LONDON (Reuters) -- Simplified rules and a uniform season for both hemispheres are among suggestions designed to widen the appeal of rugby union after a World Cup which failed to scale the heights.

Organizers promoted the 1999 tournament as a truly global competition akin to the soccer World Cup or the athletics world championships.

They were wrong on several counts.

Despite the claims of some respected critics such as former New Zealand captain Sean Fitzpatrick, rugby does not cater for all physical types but instead favors the strong over the swift.

Lack of power as much as lack of technique and experience guaranteed there would be no major upsets in the group stages and the semifinal lineup could more or less have been predicted before the start.

Two memorable semifinals finally set the tournament alight, even if Saturday's final went to form with Australia defeated France 35-12.

Call for rule changes

Since the game went professional after the 1995 World Cup, rugby administrators, led by the Southern Hemisphere, have tinkered with the rules to broaden its appeal.

The immediate outcome was to initiate a glut of try scoring, particularly in the Super 12 and Tri-Nations competitions, which were derided by some British commentators as more basketball than rugby.

To the neutral observer, rugby union moved closer to rugby league in its attacking patterns with the ball recycled relentlessly.

The inevitable result was the introduction of rugby league defensive patterns with forwards standing wide in defense, centers developing into extra flankers and tackling becoming fiercer and more aggressive.

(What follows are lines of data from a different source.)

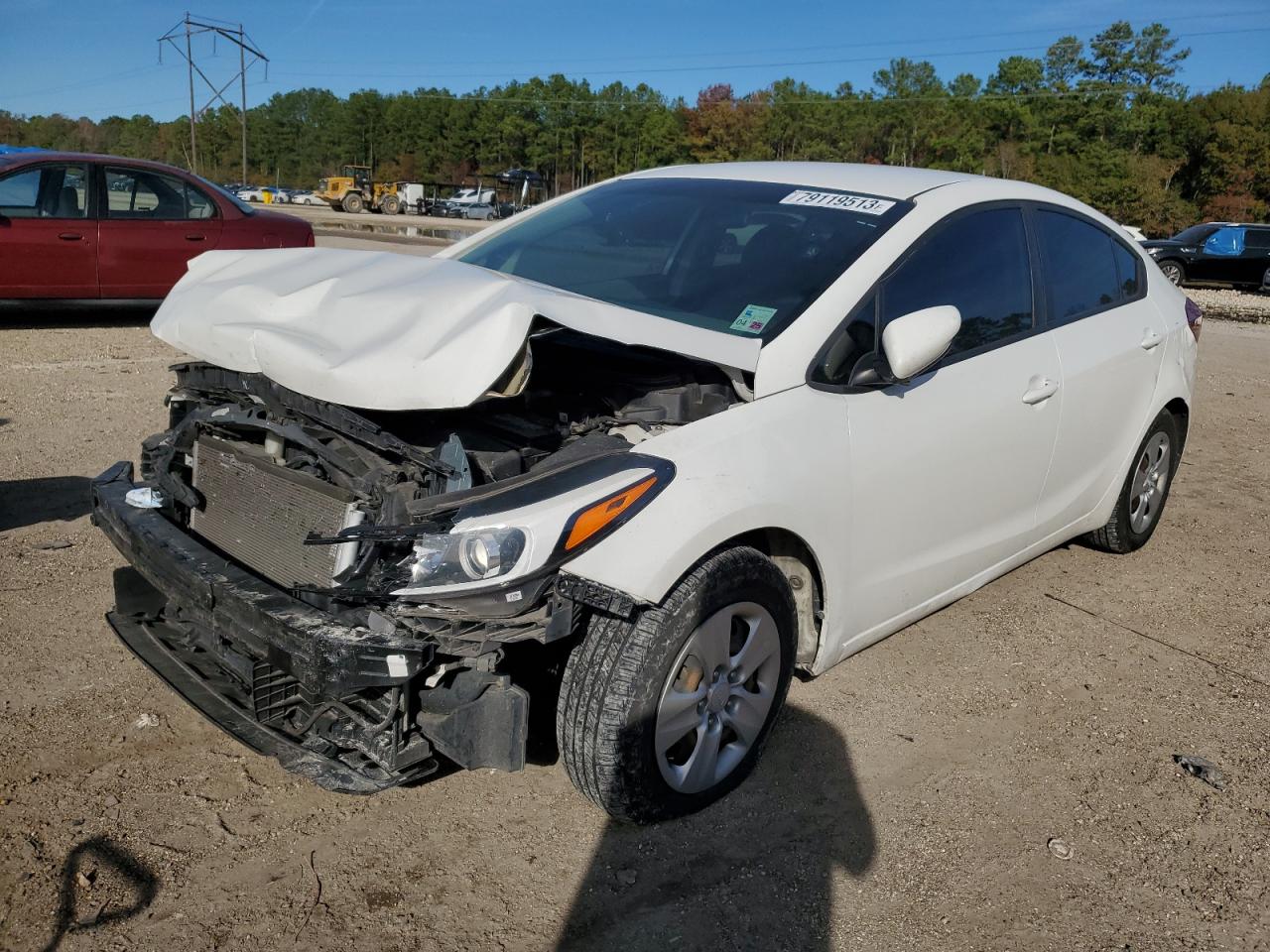 KIA FORTE 2017 3kpfk4a70he120844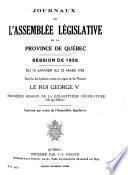 Journaux de l'Assemblee Legislative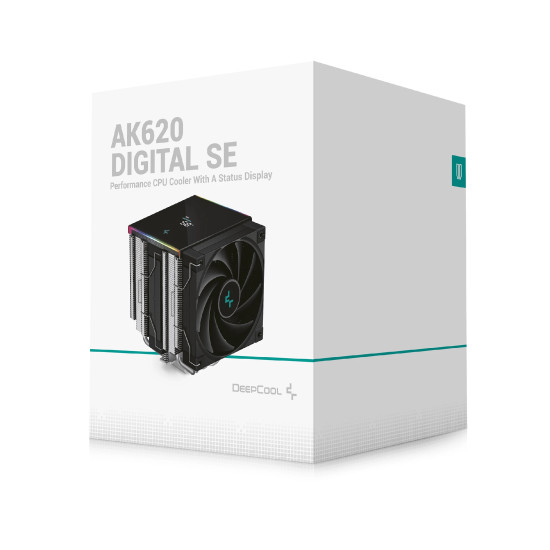 Охладител за процесор DeepCool AK620 Digital SE, 2x120mm, 2.4 инча Display, ARGB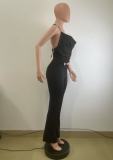 Halterneck Hollow Out Sling Jumpsuit QODY-6064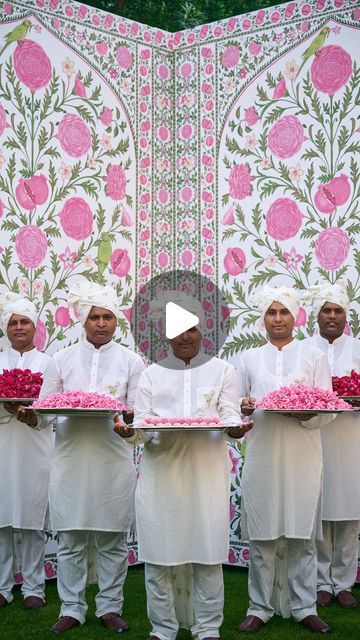 Rani Pink on Instagram: "Welcome to our Pomegranate Courtyard (Mehendi) 🦜 - where the tota, anaar, and gulaab, the chosen keepers of this haven, invite you to have your henna hands stamped with tales of love🩷

Artistic Director: @anikadhawan 
Decor and Design: @ranipinklove 
Style & Fashion: @ranipinklove 
Cinematography: @nazaareproductions 
Photography: @aviraj
Sweets Treats: @theladdoowala
Shoes & Accessories @needledust
Production: @aakarevents
Creative Writing: @grushadhawan
Talent: @mokshaaaggarwal @mehak.vinayak @shinatachauhan @naiaradamascenoo
Jewellery: @shriparamanijewels
Makeup & Hair: @itikachugh
Drapist: @seema.draper

#RaniPinkRomantics" Dua E Khair Decoracion, Henna Hands, Pink Wedding Decorations, Rani Pink, Big Fat Indian Wedding, Pink Decor, The Chosen, Sweets Treats, Makeup Hair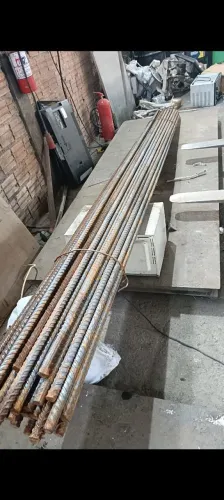 Ferro fundação de obra  de 25 mm = 1 polegada valor por metro 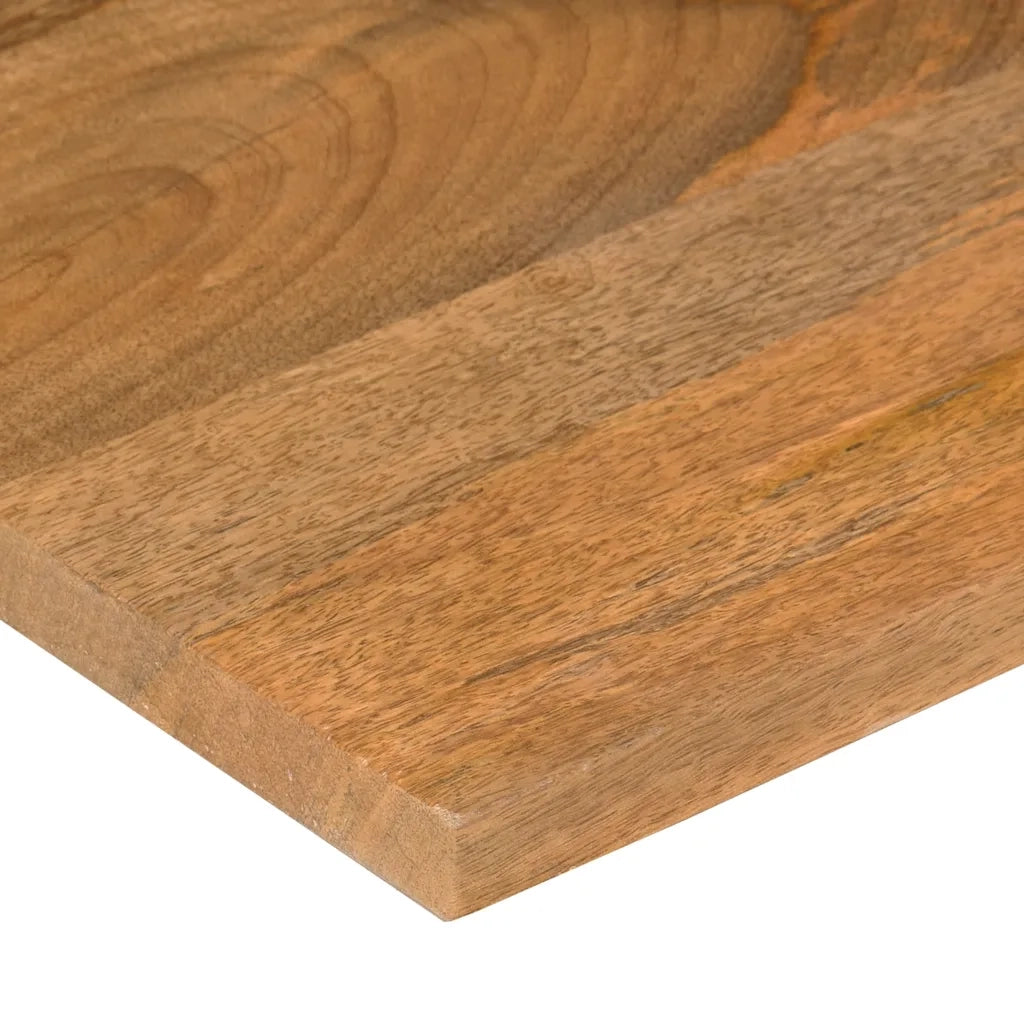 Dessus de bureau avec courbe 100x50x2,5 cm manguier massif brut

"Teams today are playing a narrower pattern so they have more control and ball-retention at the tackle area," said Wales coach Graham Henry. "This is why the game is less spectacular than a season or two ago and why people thought the game was boring."

The Wallabies, whose defense was coordinated by a former rugby league coach in John Muggleton, were the defensive masters at the 1999 World Cup with U.S. center Juan Grobler the only person to cross the line against them in more than eight hours' play.

Australia intends to now devise ways of overcoming its own defensive patterns before hosting the 2003 Cup.

"When we go home we will look at ways of breaking our own defense and put them into our attacking play so that when other teams get to where we are, we will still be a few steps ahead," Muggleton said.

The International Rugby Board (IRB) meets in Australia this month and Tasker Watkins, president of the Welsh Rugby Union, has urged them to take a further look at the laws.

"The laws of rugby union football, like the laws of the land, should be simple, easily understood and equally simply applied," he said.

"In order to do service to this marvelous game and the laws and the manner in which rugby is to be played, it is important that the try should be restored to its old majesty."

Former All Black coach John Hart, who resigned after his team lost to South Africa in the third place playoff, believes the laws should be drastically rewritten.

"I am a firm believer that the laws should be simplified," he said. "The Rugby Board should scrap the laws and start again in the new millennium."

Hart said administrators had to get the balance right between attack and defense.

"We have a game that is unique," he said. "What we need is boldness."

Summer rugby urged

Francois Pienaar, captain of the 1995 Springboks who won the World Cup in Johannesburg, and South Africa assistant-coach Alan Solomons called during the tournament for a uniform season for both hemispheres based on the Northern Hemisphere summer.

Wales' fullback Shane Howarth, a former All Black, joined their ranks in a newspaper column Monday.

"The days of rugby union as a winter sport must come to an end," Howarth wrote. "I have come to the conclusion that if rugby teams of the Northern Hemisphere are to compete with their peers in the south then the game must become a summer sport."

Rugby league has already moved to the summer in the Northern Hemisphere but its has a less top-heavy administration than union which remains essentially a professional game run by amateurs.

If union does make the switch the way would be clear for what would effectively be an annual world championship with the top team in the Six Nations' championship joining the Southern Hemisphere trio each year in an expanded Tri-Nations competition.